Short text fragments from websites

*** Begin section ***

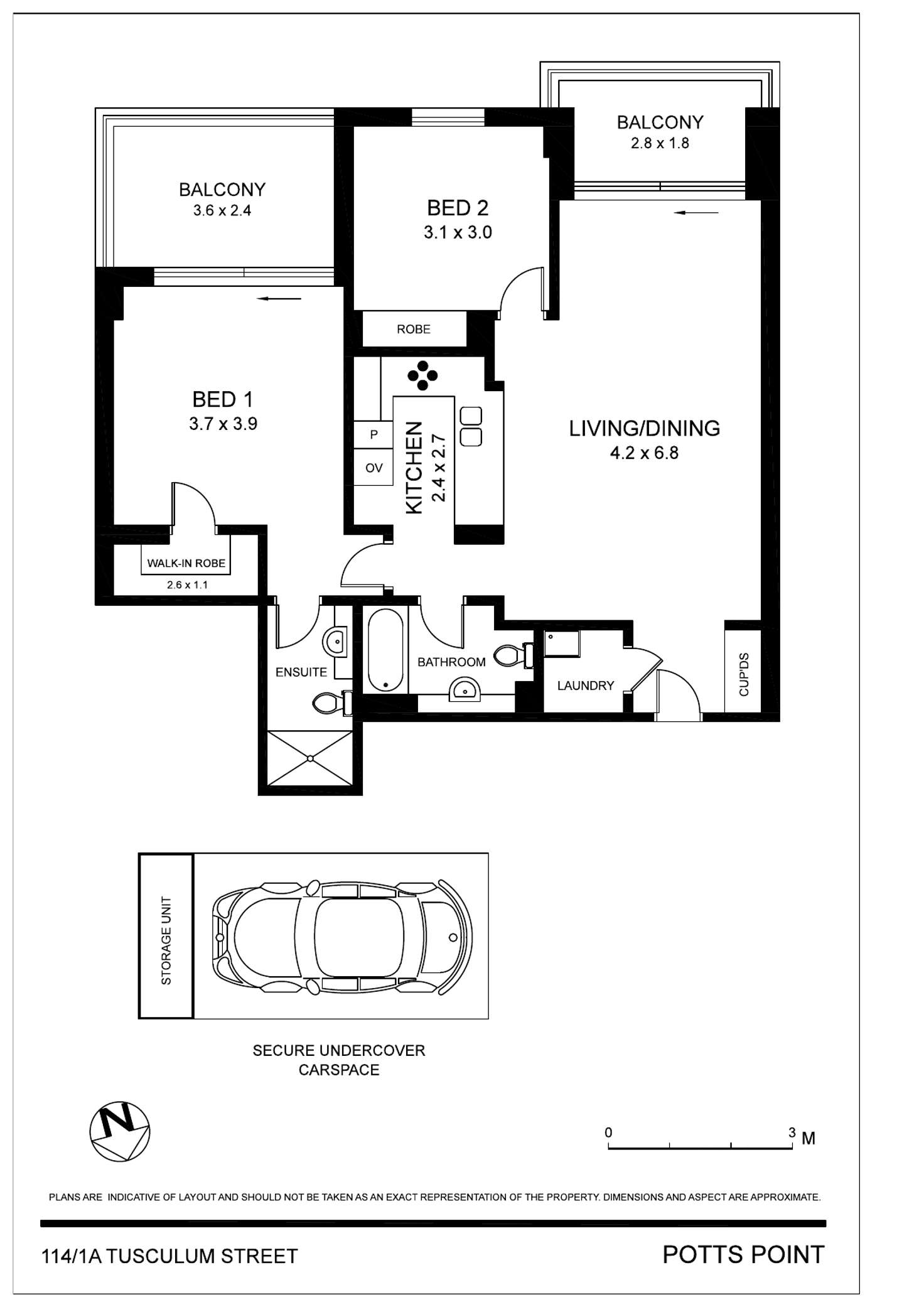 Floorplan of Homely apartment listing, 114/1A Tusculum Street, Potts Point NSW 2011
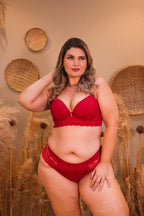 PLUS-SIZE LINGERIE SET IN MICROFIBER AND LACE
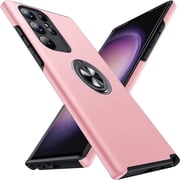 AIOVETEAB for Samsung Galaxy S23 Ultra Case,Silky Soft Touch Heavy Duty Protective Cover with Ring Holder Kickstand Phone Case for Samsung Galaxy S23 Ultra Pink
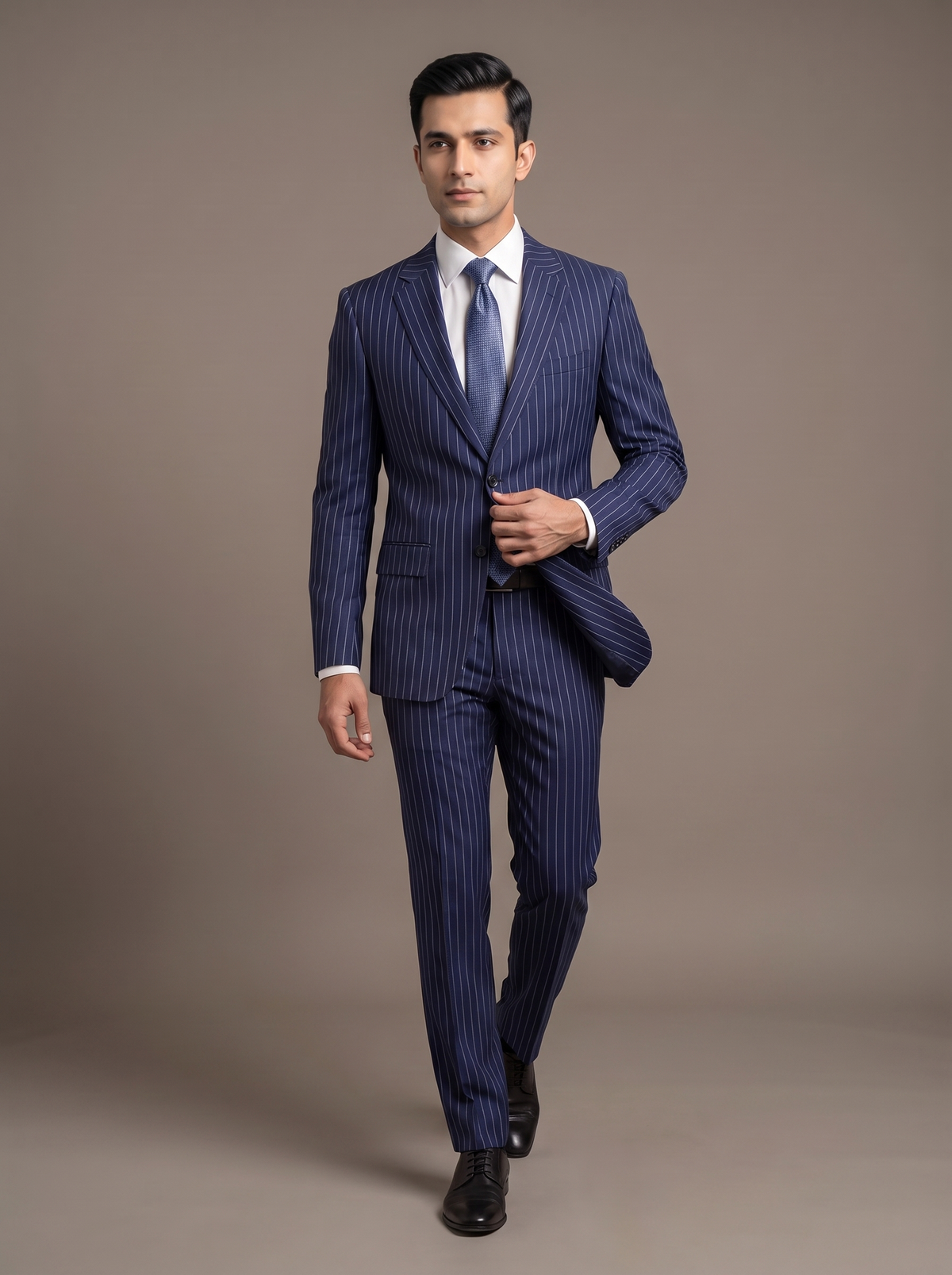Navy Pinstripe Wool Two-Piece Suit - walking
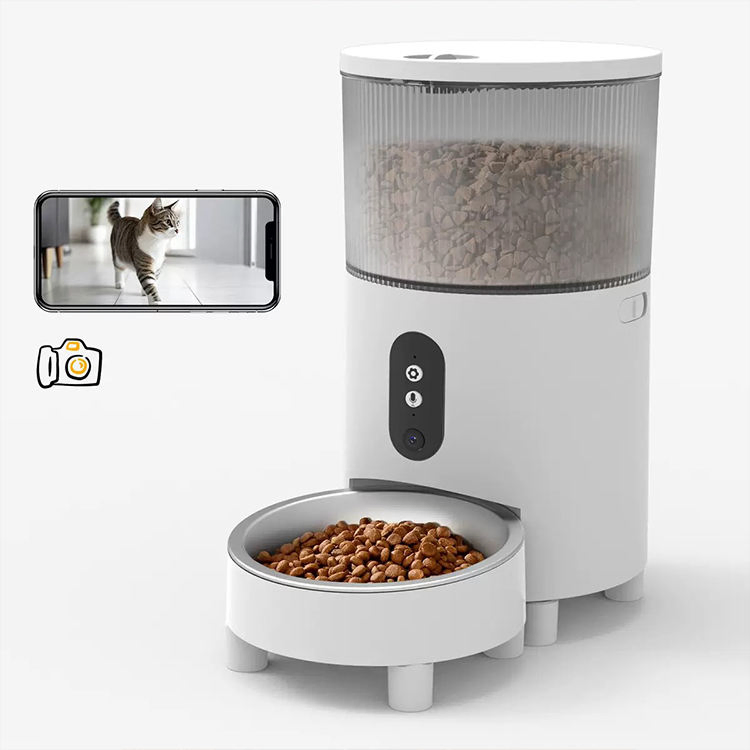 Automatic Pet Feeder with HD Camera &amp; Voice Smart Cat &amp; Dog Feeder APP Control, Scheduled Feeding, 3L Large Capacity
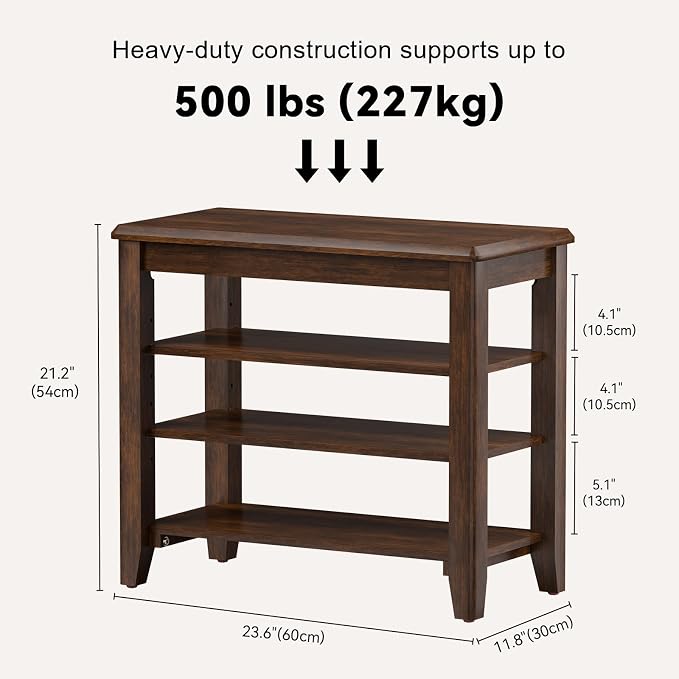 Taitiy Shoe Bench Storage Rubberwood, Entryway Bench with 3-Tiers Height Adjustable, Shoe Rack Front Door Entrance Organizer for Hallway Living Room, Mudrooms, Walnut,23.6"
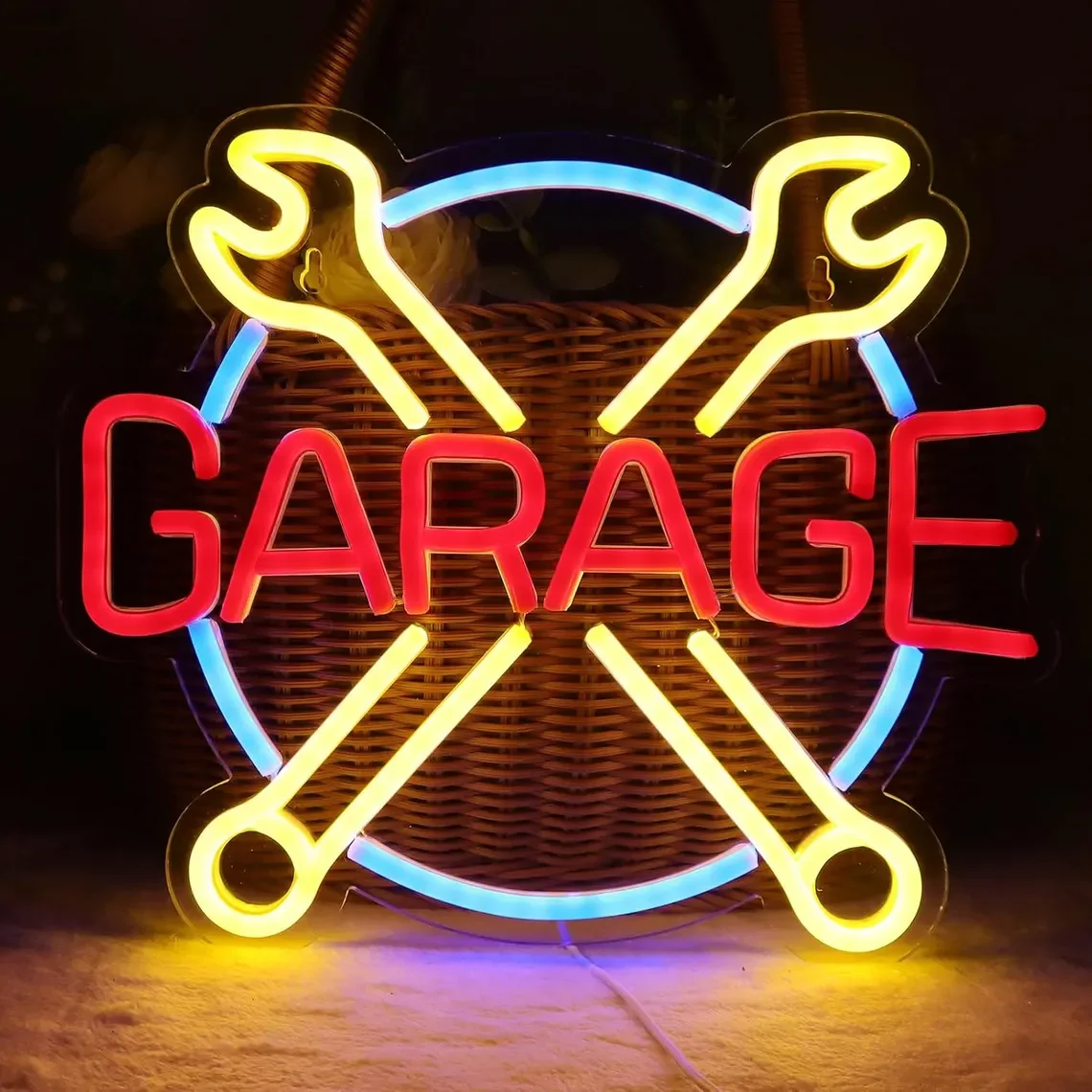 Garage Check Engine Neon Signs for Wall Decor Wrench Cross Neon for Man Cave Auto Room Repair Shop Workshop Gift for Car Lovers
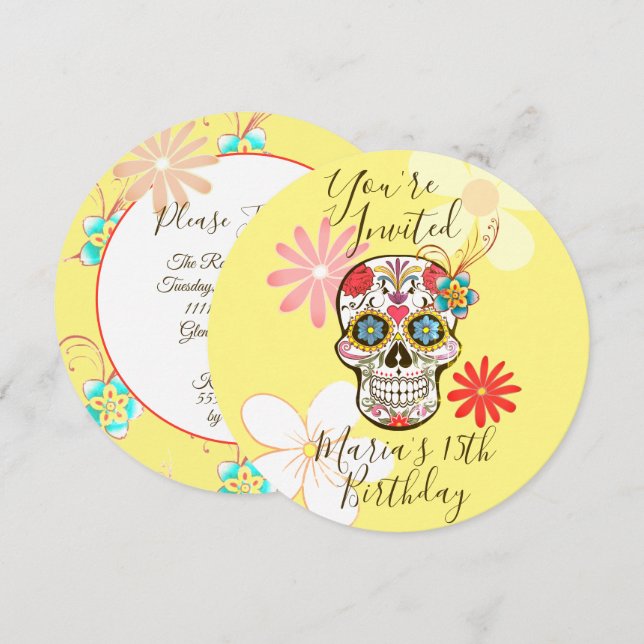 Cranio de Açúcar Amarelo, Convite Floral Hippie Ro (Frente/Verso)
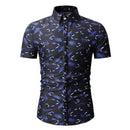 Men Leaves Print Casual Short Sleeves Shirt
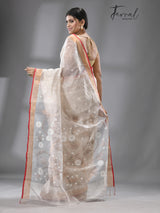 Offwhite with red & zari border silk linen handwoven jamdani saree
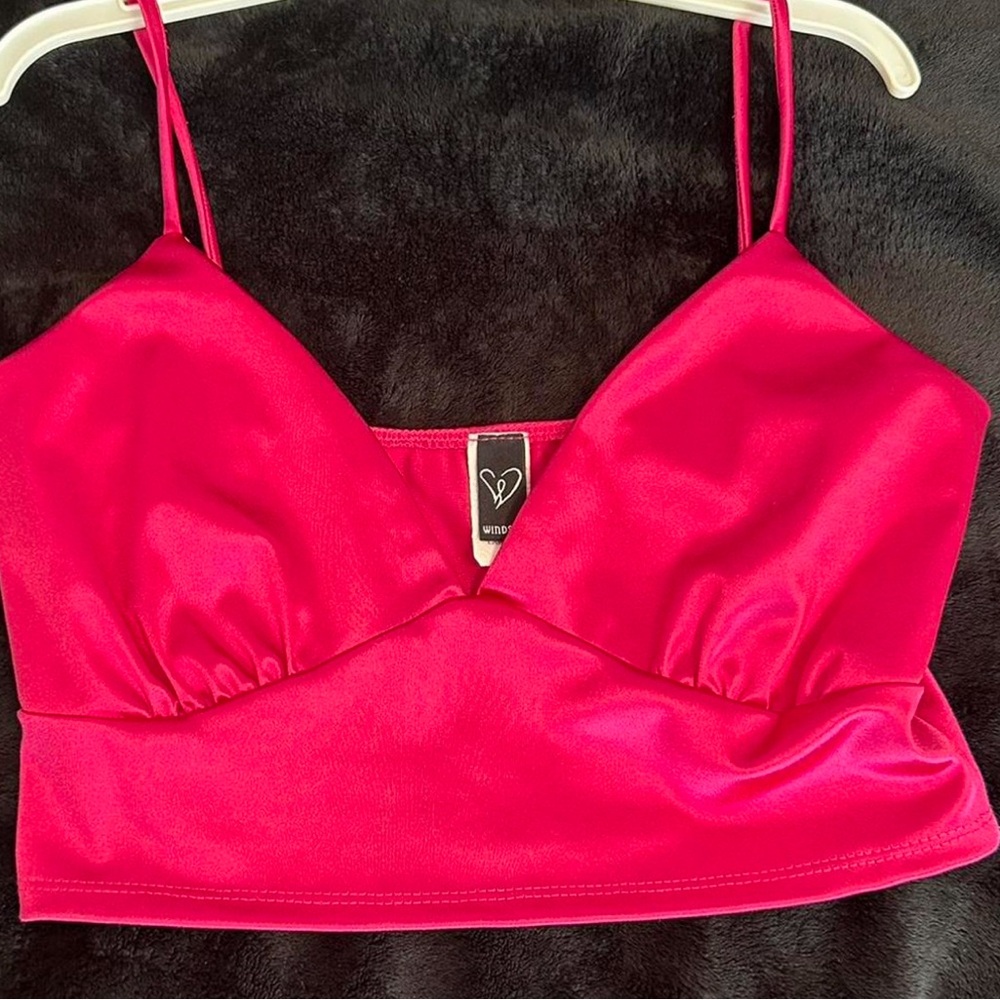 Vibrant Pink Strappy Crop Top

*** End section ***

• Description of the task: Each record must be repeated exactly, and no picture may be carried over.

• Response to the task:
 Floorplan of Homely apartment listing, 114/1A Tusculum Street, Potts Point NSW 2011
 PLUS-SIZE LINGERIE SET IN MICROFIBER AND LACE
 AIOVETEAB for Samsung Galaxy S23 Ultra Case,Silky Soft Touch Heavy Duty Protective Cover with Ring Holder Kickstand Phone Case for Samsung Galaxy S23 Ultra Pink
Navy Pinstripe Wool Two-Piece Suit - walking
 Automatic Pet Feeder with HD Camera &amp; Voice Smart Cat &amp; Dog Feeder APP Control, Scheduled Feeding, 3L Large Capacity
 Taitiy Shoe Bench Storage Rubberwood, Entryway Bench with 3-Tiers Height Adjustable, Shoe Rack Front Door Entrance Organizer for Hallway Living Room, Mudrooms, Walnut,23.6"
 Garage Check Engine Neon Signs for Wall Decor Wrench Cross Neon for Man Cave Auto Room Repair Shop Workshop Gift for Car Lovers
 Cranio de Açúcar Amarelo, Convite Floral Hippie Ro (Frente/Verso)
 Men Leaves Print Casual Short Sleeves Shirt
 Offwhite with red & zari border silk linen handwoven jamdani saree
 Vibrant Pink Strappy Crop Top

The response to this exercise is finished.